When the Drought Really Hits Home
Nobody ever told us farming would be easy. They said you'll have bad years, real bad years and hopefully some good years too. But that is the reality of being in the business we are in - it's unpredictable.
When we started full-time farming on our own in 2006, it was an uphill battle and we relied heavily on Big D's family connections to purchase supplies and inputs. But we made it and we're proud to still be farming strong and carrying on the family tradition, despite having a few bad years with poor pig prices and a less than stellar corn and soybean crop.
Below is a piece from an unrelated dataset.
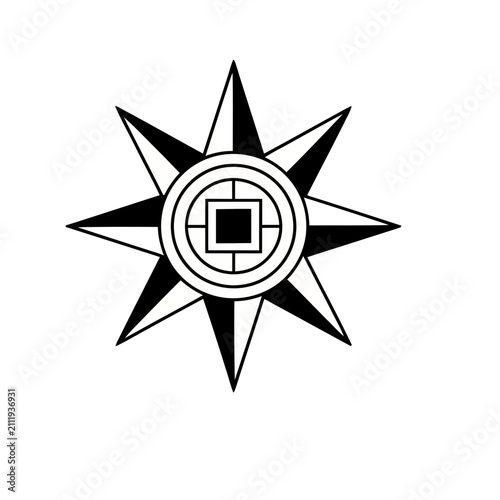 Black and white starburst symbol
This year has really put our love for farming to the test. After a couple bad years, we figured we could make it through any challenge or any obstacle. But it's hard to fathom a year without rain, and I do mean zero rain during practically the entire growing season. It's hard to imagine the impact it will have on a livestock farm and more importantly a farm family.
Until you live it that is.
You try to keep your head up (and your farmer's), but it's hard sometimes because you work so hard to till the ground, plant the crop and provide nutrients (like nitrogen) for your crop only to watch it die slowly over the course of several months. Scorching heat and zero rain showers does some incredibly devastating things to a corn crop, besides stunting its growth, ears that never completely form, ears that rot away and so much more.
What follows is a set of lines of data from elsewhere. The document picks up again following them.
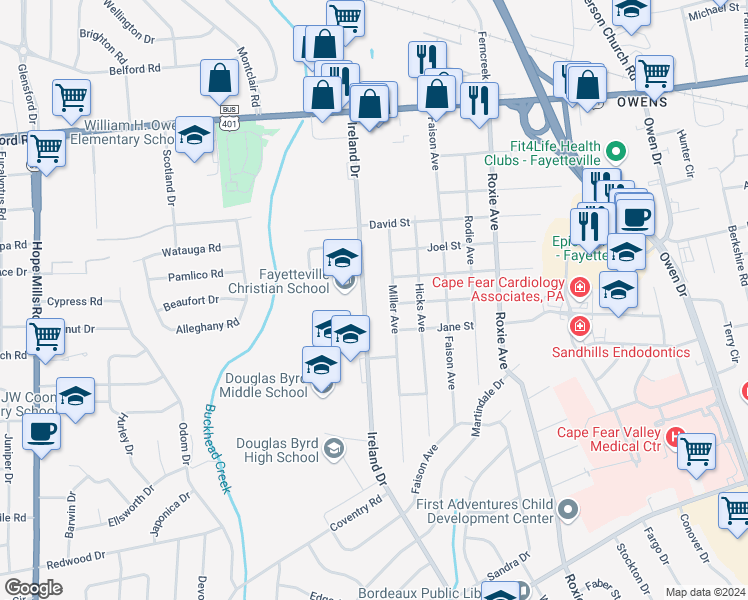 map of restaurants, bars, coffee shops, grocery stores, and more near 1429 Ireland Drive in Fayetteville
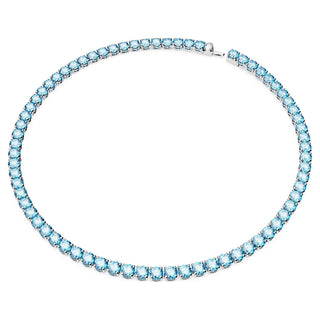Matrix Tennis necklace, Round cut, Medium, Blue, Rhodium plated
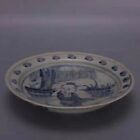 Vintage Chinese Yuan Blue and White Porcelain Hand Painting Plate
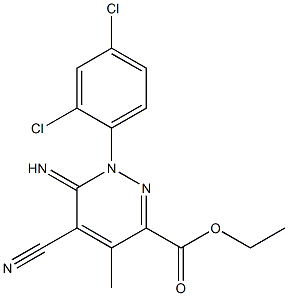 ethyl 5-cyano-1-(2,4-dichlorophenyl)-6-imino-4-methyl-1,6-dihydropyridazine-3-carboxylate 구조식 이미지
We are on the verge of harvest right now. The combine is ready to go and waiting in the barn lot. The grain cart is ready to be filled and unloaded into the semi. And the grain bins are empty and ready to be filled. Usually, this time of the year, we are excited and eager to get out in the fields and see what the harvest will bring. This year, it is with a bit of hesitation that I send my farmer out to the fields for fall harvest.
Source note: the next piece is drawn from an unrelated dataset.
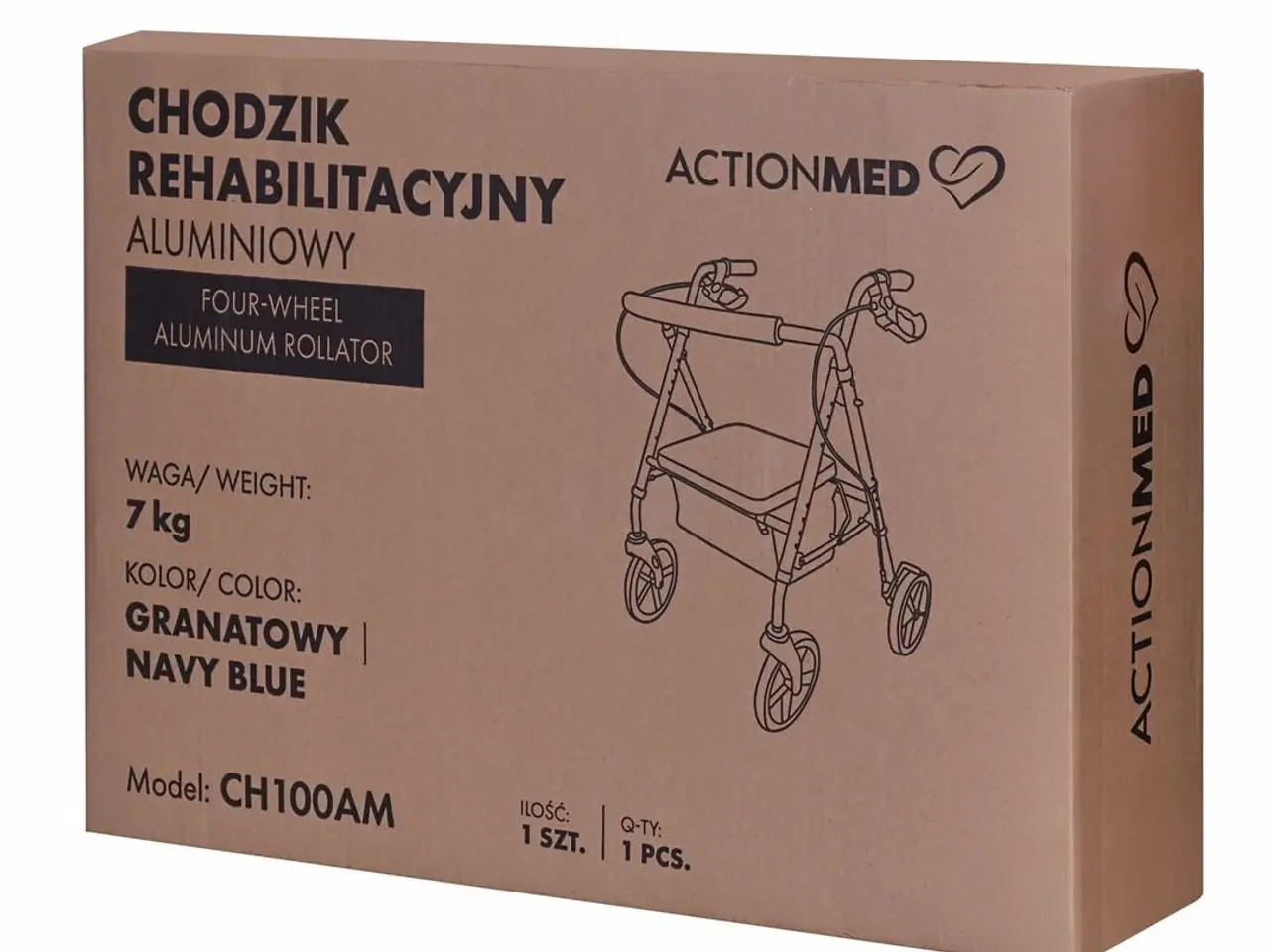 Billede 10 - Rollator med 4 hjul ActionMed - let aluminium, højdejusterbar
It's been estimated that our drought-stricken corn crop will yield as low as 25 bushels per acre and up to 100 bushels per acre. I never in my life could've imagined wishing and hoping for 100 bushels per acre when on a good year we average close to 200 bushels per acre.
We don't know what's out there and that is beyond scary.
And while we may have crop insurance (which is a God send by the way) to reimburse us for up to 134 bushels per acre, that's not enough. See 100 percent of our corn crop is used to feed our pigs and we use every last kernel. So at some point in the next several months we will be forced to purchase corn to feed our pigs. And with corn expected to reach up to $11 per bushel (right now it's around $8), you can only imagine what kind of financial strain that will do to our business.
The reality is that this drought has taken its toll not only on our corn crop, but my family. My hubby has been beyond stressed trying to figure out how we're going to make it through this. He has been praying and hoping for 100 bushels per acre, though we know that still won't be enough.
But as his partner and wife, I will stand by his side no matter what happens, encouraging him and reminding him that no matter what things will be Ok.
So while the mainstream media news has simmered on the drought and the impact it will have on farmers across the country, it's not over, the pain is only just beginning for livestock farm families.
Even though, we've had several inches of rain in the last couple weeks, it's a little too late, unfortunately.
But just like I tell my farmer hubby, things will be Ok, I know they will. Besides, I believe 100 percent that the Lord is in our corner and he will help carry us through this unprecedented year in farming.
Sometimes a little prayer goes a long way.